- _Requirement_
All of the data below should be output exactly as given.

(Short descriptive text snippets)

== Segment start ==

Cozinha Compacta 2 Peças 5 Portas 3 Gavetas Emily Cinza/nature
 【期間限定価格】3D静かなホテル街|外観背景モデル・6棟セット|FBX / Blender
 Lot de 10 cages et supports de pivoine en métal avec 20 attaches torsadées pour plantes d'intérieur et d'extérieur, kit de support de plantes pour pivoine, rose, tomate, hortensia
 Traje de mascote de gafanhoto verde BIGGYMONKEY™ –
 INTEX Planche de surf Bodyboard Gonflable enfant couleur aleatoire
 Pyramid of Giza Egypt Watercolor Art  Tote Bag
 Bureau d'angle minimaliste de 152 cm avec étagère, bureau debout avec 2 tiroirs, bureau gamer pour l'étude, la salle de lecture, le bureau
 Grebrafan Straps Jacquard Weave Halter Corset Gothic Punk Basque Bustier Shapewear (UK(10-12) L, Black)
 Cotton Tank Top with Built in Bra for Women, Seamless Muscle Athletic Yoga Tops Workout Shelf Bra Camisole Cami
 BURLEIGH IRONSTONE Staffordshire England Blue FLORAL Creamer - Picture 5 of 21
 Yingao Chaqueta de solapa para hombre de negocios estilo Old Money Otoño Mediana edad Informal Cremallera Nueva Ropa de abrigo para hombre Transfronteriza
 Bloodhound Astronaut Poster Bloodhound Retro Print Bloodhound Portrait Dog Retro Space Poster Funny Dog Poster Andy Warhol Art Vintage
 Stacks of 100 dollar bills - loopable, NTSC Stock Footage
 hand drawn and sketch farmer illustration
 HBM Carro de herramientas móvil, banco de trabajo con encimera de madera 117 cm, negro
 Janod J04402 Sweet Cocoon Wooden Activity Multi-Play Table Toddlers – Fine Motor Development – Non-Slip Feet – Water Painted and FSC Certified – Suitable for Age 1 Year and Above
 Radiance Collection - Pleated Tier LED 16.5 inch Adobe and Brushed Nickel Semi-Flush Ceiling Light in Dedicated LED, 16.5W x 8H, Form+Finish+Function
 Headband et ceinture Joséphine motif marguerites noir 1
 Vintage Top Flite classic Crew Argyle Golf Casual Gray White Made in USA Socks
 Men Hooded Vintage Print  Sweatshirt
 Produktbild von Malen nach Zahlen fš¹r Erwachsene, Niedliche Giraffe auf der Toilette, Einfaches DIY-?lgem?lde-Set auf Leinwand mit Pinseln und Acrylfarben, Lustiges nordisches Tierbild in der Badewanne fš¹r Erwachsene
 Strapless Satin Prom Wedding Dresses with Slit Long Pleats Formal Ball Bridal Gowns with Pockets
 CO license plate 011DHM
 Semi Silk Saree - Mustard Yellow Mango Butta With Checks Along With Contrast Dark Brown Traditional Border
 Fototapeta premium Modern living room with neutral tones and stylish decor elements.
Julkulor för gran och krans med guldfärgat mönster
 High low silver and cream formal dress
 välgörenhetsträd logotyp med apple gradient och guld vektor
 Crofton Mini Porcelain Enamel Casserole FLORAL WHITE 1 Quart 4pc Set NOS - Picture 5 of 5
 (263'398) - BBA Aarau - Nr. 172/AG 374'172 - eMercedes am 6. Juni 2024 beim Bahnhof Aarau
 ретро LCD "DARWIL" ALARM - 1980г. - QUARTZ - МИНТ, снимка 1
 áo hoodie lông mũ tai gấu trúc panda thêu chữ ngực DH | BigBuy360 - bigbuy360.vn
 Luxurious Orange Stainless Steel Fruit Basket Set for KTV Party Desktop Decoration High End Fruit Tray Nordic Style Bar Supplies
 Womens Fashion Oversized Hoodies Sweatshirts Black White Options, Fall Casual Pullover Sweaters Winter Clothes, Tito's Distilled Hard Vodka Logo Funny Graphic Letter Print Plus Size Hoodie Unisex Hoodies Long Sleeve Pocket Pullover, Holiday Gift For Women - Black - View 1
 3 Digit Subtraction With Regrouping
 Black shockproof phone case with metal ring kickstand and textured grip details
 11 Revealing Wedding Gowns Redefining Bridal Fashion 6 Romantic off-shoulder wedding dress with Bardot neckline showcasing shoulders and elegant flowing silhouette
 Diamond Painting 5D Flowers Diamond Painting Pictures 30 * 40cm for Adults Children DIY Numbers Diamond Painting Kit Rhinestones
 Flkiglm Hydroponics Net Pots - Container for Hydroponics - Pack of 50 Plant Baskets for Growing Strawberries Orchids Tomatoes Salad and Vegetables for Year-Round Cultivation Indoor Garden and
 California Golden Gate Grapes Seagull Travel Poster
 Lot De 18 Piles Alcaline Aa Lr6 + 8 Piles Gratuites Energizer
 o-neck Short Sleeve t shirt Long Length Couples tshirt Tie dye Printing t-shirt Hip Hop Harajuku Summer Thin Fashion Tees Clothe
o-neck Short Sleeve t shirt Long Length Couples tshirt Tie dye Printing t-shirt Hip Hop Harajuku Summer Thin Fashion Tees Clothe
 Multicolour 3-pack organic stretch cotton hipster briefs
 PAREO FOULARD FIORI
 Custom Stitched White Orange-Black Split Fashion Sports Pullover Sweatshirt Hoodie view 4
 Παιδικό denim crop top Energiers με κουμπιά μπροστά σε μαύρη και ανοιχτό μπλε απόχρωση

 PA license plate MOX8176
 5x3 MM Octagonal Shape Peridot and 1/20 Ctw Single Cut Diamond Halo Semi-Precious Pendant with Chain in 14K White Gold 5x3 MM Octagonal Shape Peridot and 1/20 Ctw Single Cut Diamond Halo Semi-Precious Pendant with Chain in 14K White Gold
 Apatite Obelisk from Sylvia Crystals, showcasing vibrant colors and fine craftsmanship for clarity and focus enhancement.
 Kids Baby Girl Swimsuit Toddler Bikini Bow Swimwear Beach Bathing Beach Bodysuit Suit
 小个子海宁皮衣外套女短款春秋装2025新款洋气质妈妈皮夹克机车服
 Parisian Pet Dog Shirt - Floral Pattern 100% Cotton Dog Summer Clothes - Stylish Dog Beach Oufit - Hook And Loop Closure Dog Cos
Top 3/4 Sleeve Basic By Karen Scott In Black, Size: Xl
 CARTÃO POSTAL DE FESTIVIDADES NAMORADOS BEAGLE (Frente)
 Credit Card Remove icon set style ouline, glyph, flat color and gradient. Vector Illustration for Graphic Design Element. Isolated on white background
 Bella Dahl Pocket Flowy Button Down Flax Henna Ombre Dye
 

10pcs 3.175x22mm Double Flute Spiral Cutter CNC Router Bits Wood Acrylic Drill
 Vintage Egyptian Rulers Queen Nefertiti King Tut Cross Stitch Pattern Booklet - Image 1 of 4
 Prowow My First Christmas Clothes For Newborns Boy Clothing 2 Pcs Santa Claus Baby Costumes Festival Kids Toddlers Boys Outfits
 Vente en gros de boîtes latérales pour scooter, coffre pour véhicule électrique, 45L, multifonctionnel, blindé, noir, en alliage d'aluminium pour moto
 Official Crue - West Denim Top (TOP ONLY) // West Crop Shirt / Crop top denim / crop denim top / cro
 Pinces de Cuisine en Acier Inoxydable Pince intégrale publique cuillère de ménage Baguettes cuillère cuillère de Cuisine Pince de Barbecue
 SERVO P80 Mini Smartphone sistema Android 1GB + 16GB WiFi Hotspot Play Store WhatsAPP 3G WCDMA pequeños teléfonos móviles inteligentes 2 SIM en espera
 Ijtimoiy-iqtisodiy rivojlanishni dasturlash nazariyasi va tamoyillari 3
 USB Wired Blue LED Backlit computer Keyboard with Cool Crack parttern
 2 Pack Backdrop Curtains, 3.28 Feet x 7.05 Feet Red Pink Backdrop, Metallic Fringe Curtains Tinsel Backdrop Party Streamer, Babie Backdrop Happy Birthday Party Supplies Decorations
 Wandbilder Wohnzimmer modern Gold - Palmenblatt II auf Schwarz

== Segment end ==

- _Response area_
Cozinha Compacta 2 Peças 5 Portas 3 Gavetas Emily Cinza/nature
 【期間限定価格】3D静かなホテル街|外観背景モデル・6棟セット|FBX / Blender
 Lot de 10 cages et supports de pivoine en métal avec 20 attaches torsadées pour plantes d'intérieur et d'extérieur, kit de support de plantes pour pivoine, rose, tomate, hortensia
 Traje de mascote de gafanhoto verde BIGGYMONKEY™ –
 INTEX Planche de surf Bodyboard Gonflable enfant couleur aleatoire
 Pyramid of Giza Egypt Watercolor Art  Tote Bag
 Bureau d'angle minimaliste de 152 cm avec étagère, bureau debout avec 2 tiroirs, bureau gamer pour l'étude, la salle de lecture, le bureau
 Grebrafan Straps Jacquard Weave Halter Corset Gothic Punk Basque Bustier Shapewear (UK(10-12) L, Black)
 Cotton Tank Top with Built in Bra for Women, Seamless Muscle Athletic Yoga Tops Workout Shelf Bra Camisole Cami
 BURLEIGH IRONSTONE Staffordshire England Blue FLORAL Creamer - Picture 5 of 21
 Yingao Chaqueta de solapa para hombre de negocios estilo Old Money Otoño Mediana edad Informal Cremallera Nueva Ropa de abrigo para hombre Transfronteriza
 Bloodhound Astronaut Poster Bloodhound Retro Print Bloodhound Portrait Dog Retro Space Poster Funny Dog Poster Andy Warhol Art Vintage
 Stacks of 100 dollar bills - loopable, NTSC Stock Footage
 hand drawn and sketch farmer illustration
 HBM Carro de herramientas móvil, banco de trabajo con encimera de madera 117 cm, negro
 Janod J04402 Sweet Cocoon Wooden Activity Multi-Play Table Toddlers – Fine Motor Development – Non-Slip Feet – Water Painted and FSC Certified – Suitable for Age 1 Year and Above
 Radiance Collection - Pleated Tier LED 16.5 inch Adobe and Brushed Nickel Semi-Flush Ceiling Light in Dedicated LED, 16.5W x 8H, Form+Finish+Function
 Headband et ceinture Joséphine motif marguerites noir 1
 Vintage Top Flite classic Crew Argyle Golf Casual Gray White Made in USA Socks
 Men Hooded Vintage Print  Sweatshirt
 Produktbild von Malen nach Zahlen fš¹r Erwachsene, Niedliche Giraffe auf der Toilette, Einfaches DIY-?lgem?lde-Set auf Leinwand mit Pinseln und Acrylfarben, Lustiges nordisches Tierbild in der Badewanne fš¹r Erwachsene
 Strapless Satin Prom Wedding Dresses with Slit Long Pleats Formal Ball Bridal Gowns with Pockets
 CO license plate 011DHM
 Semi Silk Saree - Mustard Yellow Mango Butta With Checks Along With Contrast Dark Brown Traditional Border
 Fototapeta premium Modern living room with neutral tones and stylish decor elements.
Julkulor för gran och krans med guldfärgat mönster
 High low silver and cream formal dress
 välgörenhetsträd logotyp med apple gradient och guld vektor
 Crofton Mini Porcelain Enamel Casserole FLORAL WHITE 1 Quart 4pc Set NOS - Picture 5 of 5
 (263'398) - BBA Aarau - Nr. 172/AG 374'172 - eMercedes am 6. Juni 2024 beim Bahnhof Aarau
 ретро LCD "DARWIL" ALARM - 1980г. - QUARTZ - МИНТ, снимка 1
 áo hoodie lông mũ tai gấu trúc panda thêu chữ ngực DH | BigBuy360 - bigbuy360.vn
 Luxurious Orange Stainless Steel Fruit Basket Set for KTV Party Desktop Decoration High End Fruit Tray Nordic Style Bar Supplies
 Womens Fashion Oversized Hoodies Sweatshirts Black White Options, Fall Casual Pullover Sweaters Winter Clothes, Tito's Distilled Hard Vodka Logo Funny Graphic Letter Print Plus Size Hoodie Unisex Hoodies Long Sleeve Pocket Pullover, Holiday Gift For Women - Black - View 1
 3 Digit Subtraction With Regrouping
 Black shockproof phone case with metal ring kickstand and textured grip details
 11 Revealing Wedding Gowns Redefining Bridal Fashion 6 Romantic off-shoulder wedding dress with Bardot neckline showcasing shoulders and elegant flowing silhouette
 Diamond Painting 5D Flowers Diamond Painting Pictures 30 * 40cm for Adults Children DIY Numbers Diamond Painting Kit Rhinestones
 Flkiglm Hydroponics Net Pots - Container for Hydroponics - Pack of 50 Plant Baskets for Growing Strawberries Orchids Tomatoes Salad and Vegetables for Year-Round Cultivation Indoor Garden and
 California Golden Gate Grapes Seagull Travel Poster
 Lot De 18 Piles Alcaline Aa Lr6 + 8 Piles Gratuites Energizer
 o-neck Short Sleeve t shirt Long Length Couples tshirt Tie dye Printing t-shirt Hip Hop Harajuku Summer Thin Fashion Tees Clothe
o-neck Short Sleeve t shirt Long Length Couples tshirt Tie dye Printing t-shirt Hip Hop Harajuku Summer Thin Fashion Tees Clothe
 Multicolour 3-pack organic stretch cotton hipster briefs
 PAREO FOULARD FIORI
 Custom Stitched White Orange-Black Split Fashion Sports Pullover Sweatshirt Hoodie view 4
 Παιδικό denim crop top Energiers με κουμπιά μπροστά σε μαύρη και ανοιχτό μπλε απόχρωση

 PA license plate MOX8176
 5x3 MM Octagonal Shape Peridot and 1/20 Ctw Single Cut Diamond Halo Semi-Precious Pendant with Chain in 14K White Gold 5x3 MM Octagonal Shape Peridot and 1/20 Ctw Single Cut Diamond Halo Semi-Precious Pendant with Chain in 14K White Gold
 Apatite Obelisk from Sylvia Crystals, showcasing vibrant colors and fine craftsmanship for clarity and focus enhancement.
 Kids Baby Girl Swimsuit Toddler Bikini Bow Swimwear Beach Bathing Beach Bodysuit Suit
 小个子海宁皮衣外套女短款春秋装2025新款洋气质妈妈皮夹克机车服
 Parisian Pet Dog Shirt - Floral Pattern 100% Cotton Dog Summer Clothes - Stylish Dog Beach Oufit - Hook And Loop Closure Dog Cos
Top 3/4 Sleeve Basic By Karen Scott In Black, Size: Xl
 CARTÃO POSTAL DE FESTIVIDADES NAMORADOS BEAGLE (Frente)
 Credit Card Remove icon set style ouline, glyph, flat color and gradient. Vector Illustration for Graphic Design Element. Isolated on white background
 Bella Dahl Pocket Flowy Button Down Flax Henna Ombre Dye
 

10pcs 3.175x22mm Double Flute Spiral Cutter CNC Router Bits Wood Acrylic Drill
 Vintage Egyptian Rulers Queen Nefertiti King Tut Cross Stitch Pattern Booklet - Image 1 of 4
 Prowow My First Christmas Clothes For Newborns Boy Clothing 2 Pcs Santa Claus Baby Costumes Festival Kids Toddlers Boys Outfits
 Vente en gros de boîtes latérales pour scooter, coffre pour véhicule électrique, 45L, multifonctionnel, blindé, noir, en alliage d'aluminium pour moto
 Official Crue - West Denim Top (TOP ONLY) // West Crop Shirt / Crop top denim / crop denim top / cro
 Pinces de Cuisine en Acier Inoxydable Pince intégrale publique cuillère de ménage Baguettes cuillère cuillère de Cuisine Pince de Barbecue
 SERVO P80 Mini Smartphone sistema Android 1GB + 16GB WiFi Hotspot Play Store WhatsAPP 3G WCDMA pequeños teléfonos móviles inteligentes 2 SIM en espera
 Ijtimoiy-iqtisodiy rivojlanishni dasturlash nazariyasi va tamoyillari 3
 USB Wired Blue LED Backlit computer Keyboard with Cool Crack parttern
 2 Pack Backdrop Curtains, 3.28 Feet x 7.05 Feet Red Pink Backdrop, Metallic Fringe Curtains Tinsel Backdrop Party Streamer, Babie Backdrop Happy Birthday Party Supplies Decorations
 Wandbilder Wohnzimmer modern Gold - Palmenblatt II auf Schwarz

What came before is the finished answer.